ACTIVITY:
Reproduce the following entries verbatim, each one complete.

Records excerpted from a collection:

══════

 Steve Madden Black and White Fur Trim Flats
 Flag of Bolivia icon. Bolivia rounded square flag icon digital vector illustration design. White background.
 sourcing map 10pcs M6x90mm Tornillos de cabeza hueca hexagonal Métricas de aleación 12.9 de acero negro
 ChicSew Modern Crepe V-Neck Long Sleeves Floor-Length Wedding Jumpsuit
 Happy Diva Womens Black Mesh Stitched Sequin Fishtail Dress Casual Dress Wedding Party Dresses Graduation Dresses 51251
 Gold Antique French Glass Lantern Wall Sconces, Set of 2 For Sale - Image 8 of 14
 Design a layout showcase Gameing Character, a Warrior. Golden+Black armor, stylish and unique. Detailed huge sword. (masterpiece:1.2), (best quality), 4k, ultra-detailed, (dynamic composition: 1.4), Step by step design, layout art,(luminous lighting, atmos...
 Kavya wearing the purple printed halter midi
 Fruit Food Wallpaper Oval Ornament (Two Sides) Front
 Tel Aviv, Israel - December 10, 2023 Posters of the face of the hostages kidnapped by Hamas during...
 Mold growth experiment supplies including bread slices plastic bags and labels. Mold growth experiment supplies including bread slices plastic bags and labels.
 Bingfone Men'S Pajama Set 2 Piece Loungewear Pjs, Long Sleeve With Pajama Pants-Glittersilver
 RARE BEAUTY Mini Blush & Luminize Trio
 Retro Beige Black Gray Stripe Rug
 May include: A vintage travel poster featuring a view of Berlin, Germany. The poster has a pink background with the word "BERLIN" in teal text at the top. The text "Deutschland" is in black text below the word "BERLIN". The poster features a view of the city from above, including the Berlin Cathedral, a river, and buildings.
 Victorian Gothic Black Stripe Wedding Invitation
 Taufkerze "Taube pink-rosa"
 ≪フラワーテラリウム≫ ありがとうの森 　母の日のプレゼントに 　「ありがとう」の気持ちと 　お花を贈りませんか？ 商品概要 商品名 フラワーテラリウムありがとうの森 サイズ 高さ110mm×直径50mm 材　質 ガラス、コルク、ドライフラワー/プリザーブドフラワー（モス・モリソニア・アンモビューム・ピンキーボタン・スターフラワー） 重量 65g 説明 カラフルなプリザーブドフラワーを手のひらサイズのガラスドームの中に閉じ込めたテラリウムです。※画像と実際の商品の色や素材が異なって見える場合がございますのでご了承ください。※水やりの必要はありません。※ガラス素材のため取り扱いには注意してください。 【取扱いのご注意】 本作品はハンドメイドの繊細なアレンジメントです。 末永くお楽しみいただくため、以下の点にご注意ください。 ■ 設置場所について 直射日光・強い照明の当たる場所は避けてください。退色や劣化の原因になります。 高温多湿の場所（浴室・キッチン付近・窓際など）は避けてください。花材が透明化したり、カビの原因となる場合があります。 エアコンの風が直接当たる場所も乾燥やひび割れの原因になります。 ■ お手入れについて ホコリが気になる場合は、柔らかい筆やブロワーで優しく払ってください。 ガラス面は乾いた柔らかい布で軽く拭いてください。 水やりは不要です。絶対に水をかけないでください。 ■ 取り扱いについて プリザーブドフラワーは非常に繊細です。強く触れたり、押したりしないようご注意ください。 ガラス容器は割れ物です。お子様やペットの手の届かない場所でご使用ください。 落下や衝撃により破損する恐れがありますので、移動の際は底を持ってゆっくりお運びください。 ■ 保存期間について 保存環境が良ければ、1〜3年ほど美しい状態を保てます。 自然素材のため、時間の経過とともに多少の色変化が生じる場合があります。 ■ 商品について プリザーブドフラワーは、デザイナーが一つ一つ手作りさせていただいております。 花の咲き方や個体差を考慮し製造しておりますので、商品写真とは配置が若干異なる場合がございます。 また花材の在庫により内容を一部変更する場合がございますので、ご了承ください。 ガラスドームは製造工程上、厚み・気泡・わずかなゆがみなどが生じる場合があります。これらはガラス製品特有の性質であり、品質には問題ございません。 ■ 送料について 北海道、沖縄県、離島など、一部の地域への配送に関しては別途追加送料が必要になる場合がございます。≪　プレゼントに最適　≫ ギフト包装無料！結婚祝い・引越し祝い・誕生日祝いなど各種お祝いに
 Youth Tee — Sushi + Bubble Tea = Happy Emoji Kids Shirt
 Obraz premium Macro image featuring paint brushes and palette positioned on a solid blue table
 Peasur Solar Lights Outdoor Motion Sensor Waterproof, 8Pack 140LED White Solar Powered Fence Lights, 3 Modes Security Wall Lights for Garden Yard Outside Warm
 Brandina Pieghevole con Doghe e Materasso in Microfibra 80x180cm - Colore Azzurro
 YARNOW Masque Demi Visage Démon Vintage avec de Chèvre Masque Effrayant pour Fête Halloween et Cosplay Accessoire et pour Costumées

══════

EXPECTED ANSWER:
 Steve Madden Black and White Fur Trim Flats
 Flag of Bolivia icon. Bolivia rounded square flag icon digital vector illustration design. White background.
 sourcing map 10pcs M6x90mm Tornillos de cabeza hueca hexagonal Métricas de aleación 12.9 de acero negro
 ChicSew Modern Crepe V-Neck Long Sleeves Floor-Length Wedding Jumpsuit
 Happy Diva Womens Black Mesh Stitched Sequin Fishtail Dress Casual Dress Wedding Party Dresses Graduation Dresses 51251
 Gold Antique French Glass Lantern Wall Sconces, Set of 2 For Sale - Image 8 of 14
 Design a layout showcase Gameing Character, a Warrior. Golden+Black armor, stylish and unique. Detailed huge sword. (masterpiece:1.2), (best quality), 4k, ultra-detailed, (dynamic composition: 1.4), Step by step design, layout art,(luminous lighting, atmos...
 Kavya wearing the purple printed halter midi
 Fruit Food Wallpaper Oval Ornament (Two Sides) Front
 Tel Aviv, Israel - December 10, 2023 Posters of the face of the hostages kidnapped by Hamas during...
 Mold growth experiment supplies including bread slices plastic bags and labels. Mold growth experiment supplies including bread slices plastic bags and labels.
 Bingfone Men'S Pajama Set 2 Piece Loungewear Pjs, Long Sleeve With Pajama Pants-Glittersilver
 RARE BEAUTY Mini Blush & Luminize Trio
 Retro Beige Black Gray Stripe Rug
 May include: A vintage travel poster featuring a view of Berlin, Germany. The poster has a pink background with the word "BERLIN" in teal text at the top. The text "Deutschland" is in black text below the word "BERLIN". The poster features a view of the city from above, including the Berlin Cathedral, a river, and buildings.
 Victorian Gothic Black Stripe Wedding Invitation
 Taufkerze "Taube pink-rosa"
 ≪フラワーテラリウム≫ ありがとうの森 　母の日のプレゼントに 　「ありがとう」の気持ちと 　お花を贈りませんか？ 商品概要 商品名 フラワーテラリウムありがとうの森 サイズ 高さ110mm×直径50mm 材　質 ガラス、コルク、ドライフラワー/プリザーブドフラワー（モス・モリソニア・アンモビューム・ピンキーボタン・スターフラワー） 重量 65g 説明 カラフルなプリザーブドフラワーを手のひらサイズのガラスドームの中に閉じ込めたテラリウムです。※画像と実際の商品の色や素材が異なって見える場合がございますのでご了承ください。※水やりの必要はありません。※ガラス素材のため取り扱いには注意してください。 【取扱いのご注意】 本作品はハンドメイドの繊細なアレンジメントです。 末永くお楽しみいただくため、以下の点にご注意ください。 ■ 設置場所について 直射日光・強い照明の当たる場所は避けてください。退色や劣化の原因になります。 高温多湿の場所（浴室・キッチン付近・窓際など）は避けてください。花材が透明化したり、カビの原因となる場合があります。 エアコンの風が直接当たる場所も乾燥やひび割れの原因になります。 ■ お手入れについて ホコリが気になる場合は、柔らかい筆やブロワーで優しく払ってください。 ガラス面は乾いた柔らかい布で軽く拭いてください。 水やりは不要です。絶対に水をかけないでください。 ■ 取り扱いについて プリザーブドフラワーは非常に繊細です。強く触れたり、押したりしないようご注意ください。 ガラス容器は割れ物です。お子様やペットの手の届かない場所でご使用ください。 落下や衝撃により破損する恐れがありますので、移動の際は底を持ってゆっくりお運びください。 ■ 保存期間について 保存環境が良ければ、1〜3年ほど美しい状態を保てます。 自然素材のため、時間の経過とともに多少の色変化が生じる場合があります。 ■ 商品について プリザーブドフラワーは、デザイナーが一つ一つ手作りさせていただいております。 花の咲き方や個体差を考慮し製造しておりますので、商品写真とは配置が若干異なる場合がございます。 また花材の在庫により内容を一部変更する場合がございますので、ご了承ください。 ガラスドームは製造工程上、厚み・気泡・わずかなゆがみなどが生じる場合があります。これらはガラス製品特有の性質であり、品質には問題ございません。 ■ 送料について 北海道、沖縄県、離島など、一部の地域への配送に関しては別途追加送料が必要になる場合がございます。≪　プレゼントに最適　≫ ギフト包装無料！結婚祝い・引越し祝い・誕生日祝いなど各種お祝いに
 Youth Tee — Sushi + Bubble Tea = Happy Emoji Kids Shirt
 Obraz premium Macro image featuring paint brushes and palette positioned on a solid blue table
 Peasur Solar Lights Outdoor Motion Sensor Waterproof, 8Pack 140LED White Solar Powered Fence Lights, 3 Modes Security Wall Lights for Garden Yard Outside Warm
 Brandina Pieghevole con Doghe e Materasso in Microfibra 80x180cm - Colore Azzurro
 YARNOW Masque Demi Visage Démon Vintage avec de Chèvre Masque Effrayant pour Fête Halloween et Cosplay Accessoire et pour Costumées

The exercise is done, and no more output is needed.